When I invested in my “big girl” harddrive last year, it was a huge turning point in my creative drive. I finally had the means to create, document my works, build a directory, and make my computer run much more efficiently.

2025, though it had its moments, was arguably the best year, and most successful year, I’ve had creatively in a very long time. I tackled new creative concepts, brought forth more intentionality to video production and visual storytelling collaborations, I pushed through obstacles and setbacks that held me back from actually reaching my fullest potential in the past. People were not only beginning to see the work I create, but they were beginning to understand the WHY behind it all, which was the whole point.

But then, everything went dark.

My harddrive and my computer were no longer connecting.
Plug in.
Plug out.
“Malfunction?”
There’s no way.

Plug in.
Plug out.
“Malfunction”
“Unreadable”.
What are you saying to me?

I took a deep breath. I didn’t panic. I asked for recommendations and sought them out. I drove. I got opinions.

“Can’t help with this. Try this”

I drove. I got opinions.

“Can’t help in store. Let’s send this off. It will probably cost you.”

It’s costing me already by not having it. I don’t care.

Packaged.
Sent.
Wait.

“Your harddrive is unrecoverable. We can’t recover your data.”

My heart stopped.
I couldn’t breathe.
I actually could not feel my breath leaving my body anymore.

“Thank you for the explanation,” i typed teary eyed.

More waiting.
More opinions.
Same results.

I looked up, and I hadn’t left my home, or the bed, for weeks.
Emails came in. Opportunities were rampant. But I didn’t care.
How was I supposed to create when all of my work created is gone.
When clients need projects that can no longer be completed?
How can I look to the future when I’m forced to think of the present?

“What will they think about me? Will they feel like they wasted their time? Does this mean I’m inadequate? I should have done x. I should have been more proactive.”

Why. Is. This. Happening?

As a woman of faith, processing this loss made it 10x harder than easier.
I’m hearing the prayers. I’m hearing the advice to speak life into something – but to no avail.
Hope was falling short of encouragement.
Motivation was falling short of action.

The more days that went by, the more the grief settled in.

Your work is gone.
The ideas you have are now at a standstill.
You have conversations to have.
You have accounts to rectify.
You failed.

Breaking the news to others made it even more real – especially those that relied on my creativity to see them through.

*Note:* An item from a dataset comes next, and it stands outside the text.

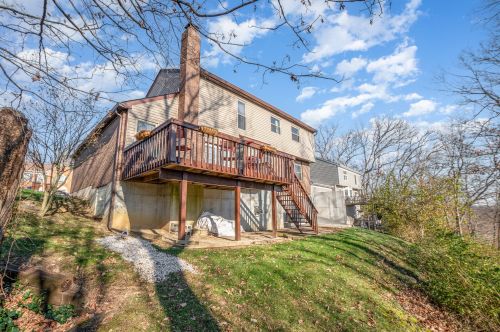 911 Fawnhill Dr, Covington KY  41017-9693 exterior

My daily routine turned into tear-strewn pillow, gut wrenching cries pulled over on the side of the road, and days turned to night where sometimes the only thing I could do was sit and stare at the ceiling, praying, hoping that despite my feelings, maybe i’ll find some reprieve.

My grandmother is a strong, Scorpio woman, but I still had to cope with her loss.
The one I love is a strong Virgo man, but I still had to cope with his loss.
My external harddrive never suffered any falls, but I still had to cope with its loss.

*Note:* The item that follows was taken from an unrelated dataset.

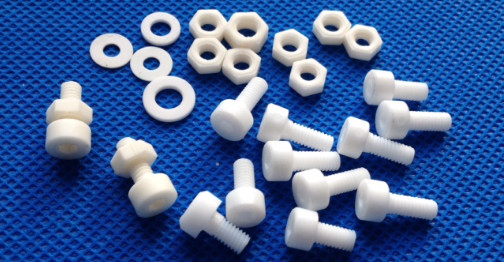 Ossido di alluminio ceramico industriale versatile Al2O3 di alta purezza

Grief has no limits, timetables, or stipulations.
It comes. It destroys. And you are in charge of rebuilding.

Sometimes, even the strongest doesn’t survive.
The strongest hardware.
The strongest people.
The strongest love.
The strongest dreams.

What I wish I knew is how to be prepared for the gut punches, the unexpected loss, the unexpected pivots, the unexpected emotions that come with grief.

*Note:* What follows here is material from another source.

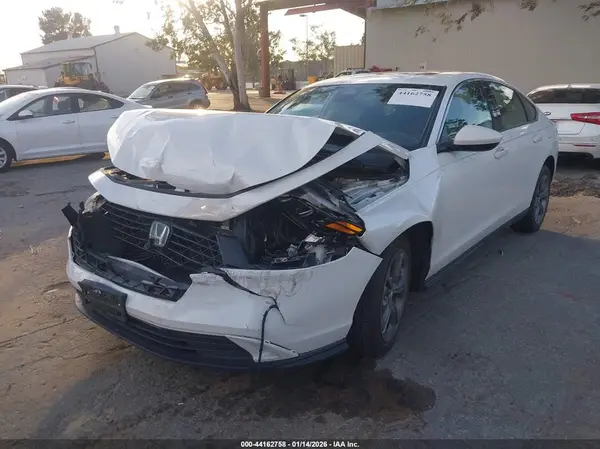 1HGCY1F31RA088692 2024 HONDA ACCORD - Image 2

What I’m learning in this moment is how to get up. How to settle on one thing that will help me take one step forward again.

As a creative, doing any labor of love is still going to take some work.
The hits won’t pass you over just because you’re doing your best.
In fact, they may prioritize you to see if you’re as tough as you talk.

I still love what I do.
I still desire to make a difference in what I do.
I just don’t know how to anymore.
But that doesn’t mean I’ll stop trying.
It just means I have to begin again, and be okay with simply becoming.


“What I Wish I Knew” is a journey of trial, error and overcoming. In this 4-week series, I’m taking you behind the lens to channel my deepest fears and empowerment through action and changed behavior.